Girl A, Abigail Dean

.

I read Girl A for a few reasons. First of all I was made aware that the author Abigail Dean had gone to my school and grown up in the next village but is much, much younger than I am. She is also incredibly successful and has a proper, high-earning job, but wrote this bestseller in just three months whereas it has taken me three years to produce a book. Even Percy has a quicker output with the books she is making at school and regularly bringing home for my approval.

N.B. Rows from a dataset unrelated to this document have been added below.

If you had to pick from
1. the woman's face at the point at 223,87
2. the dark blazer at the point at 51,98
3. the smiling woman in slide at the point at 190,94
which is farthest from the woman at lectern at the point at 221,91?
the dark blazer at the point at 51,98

I was given a copy, and everyone else was reading it. Not everyone, but it made its way into that thriller crossover territory in which books are described as clever or smart or intellectual thrillers, as if most thrillers aren’t. Most of the few I have read are very smart, they need to be to carry their grisly psychodramas. But I have trouble relating. I think people turn to certain genres such as thrillers for escapism. I turn to books, typically, to get in deep and to reflect and to look at things differently. Escapism is a bonus which comes rarely now I read in ten-minute snatches of time. But Girl A did bring some escapism, some nostalgia, set as it is in a somewhat grim Peak District village. I was transported to the low hills and rolling moors of my childhood, though thankfully nothing else in my history is comparable to Dean’s miserable story of a family subjected to terrible abuse by their parents and what happens when they escape.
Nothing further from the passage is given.